You may disagree, but I believe all the masters who moved art forward were presenting images that, for their own time, were equally shocking, if not more so. Today we have movies, web content, etc. … way out there.

A very old theme in painting is The Rape of Europa. Yikes. The posted piece is a photo anyway. I don’t get the point of not disclosing the artist or the name of the work. That seems pointless. Most everyone here who has drawn figure, has drawn a pose similar to this one. What is the difference? The storytelling. That the figure is covered in a substance provokes a very strong reaction.

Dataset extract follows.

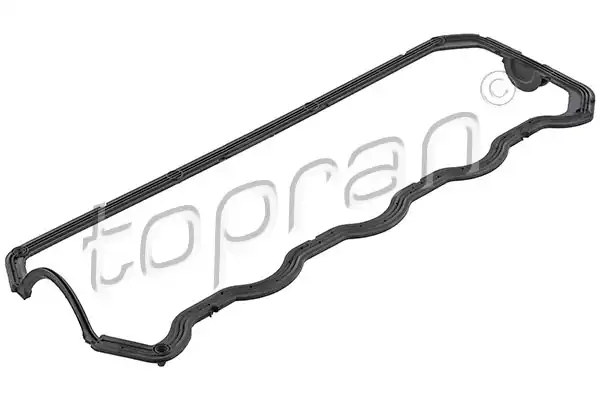 TOPRAN 100 288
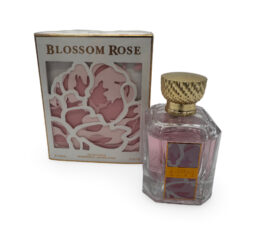 RIIFFS-Blossom-Rose-perfumes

Can you see how powerful these elements are? You have maybe drawn a pose similar to this, however, half clothed is now disturbing. I said something like this in an earlier post. It was to someone wanting help with still life. Don’t neglect the story. As I said a baby shoe is sweet, place it in the middle of the road and you feel nervous or scared, tip the shoe over and it can disturb, add a red tint and it will say about what that photo does. This is what happens when you stop drawing study after study and add story. You just may not like the story.

DavePalumbo
May 18th, 2009, 01:42 PM
just by bothering to talk about this photo, you are giving it more legitimacy than it deserves. All they want is for you to complain about it, thereby giving the work publicity. The "shock" is "charged" by your anger. Keep your head. When you speak about art, remember that every word is a form of advertisement. Reserve your passion for that which you love, not what you hate. Yawn at this type of work and we are more likely to become free of it.

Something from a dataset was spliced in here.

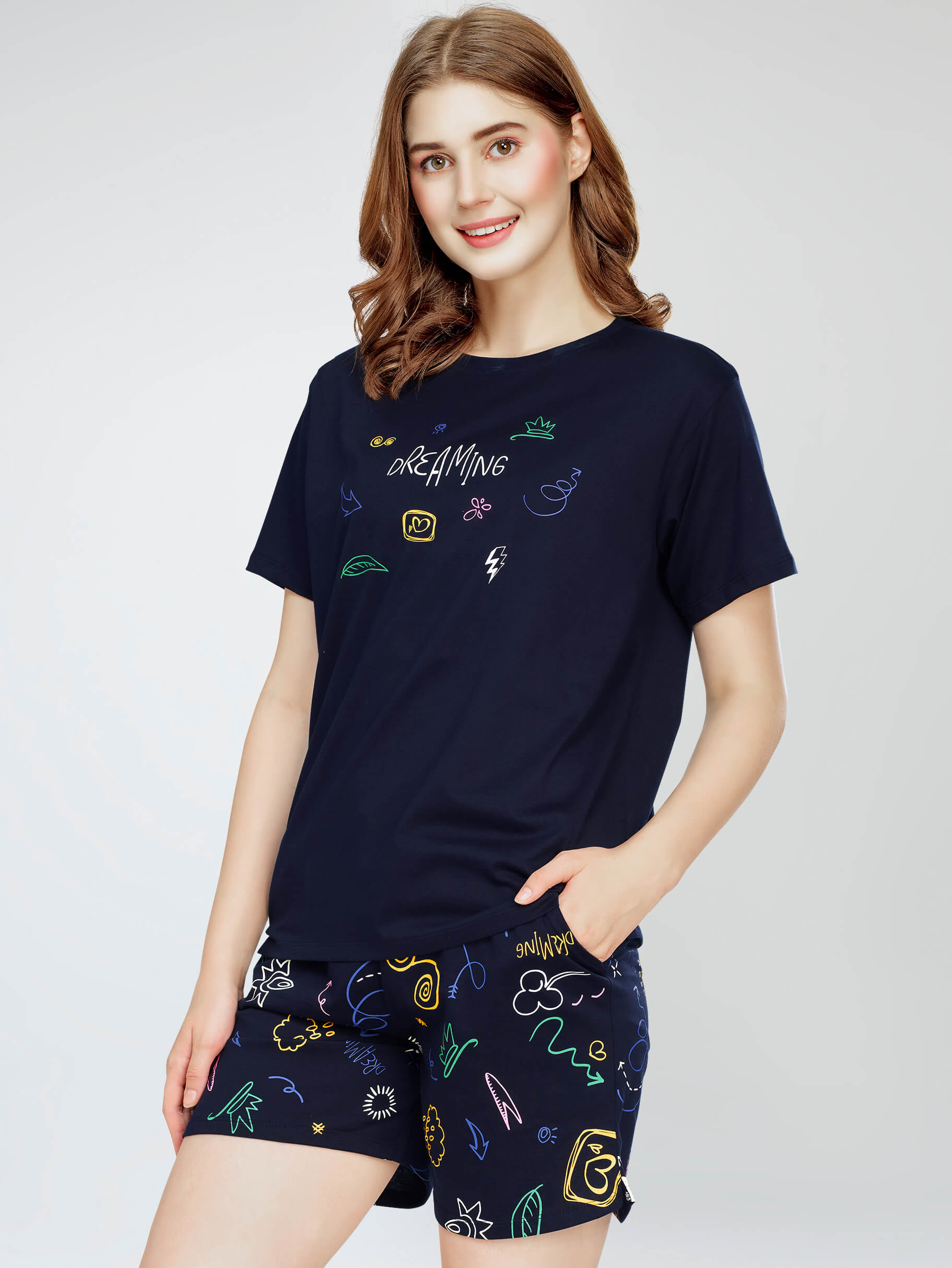 short zoot suit , of what's left のセット Category: Zoot Suits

Am I the only one who just doesn't even care? Honestly, I'm more yawning at people complaining about "shock art" than anything to do with the photo

Elwell
May 18th, 2009, 02:03 PM
Am I the only one who just doesn't even care?
You certainly aren't. I should have closed this after Grief's post. For those who care, he's handed you all you need on a silver platter. Do your own damned googling.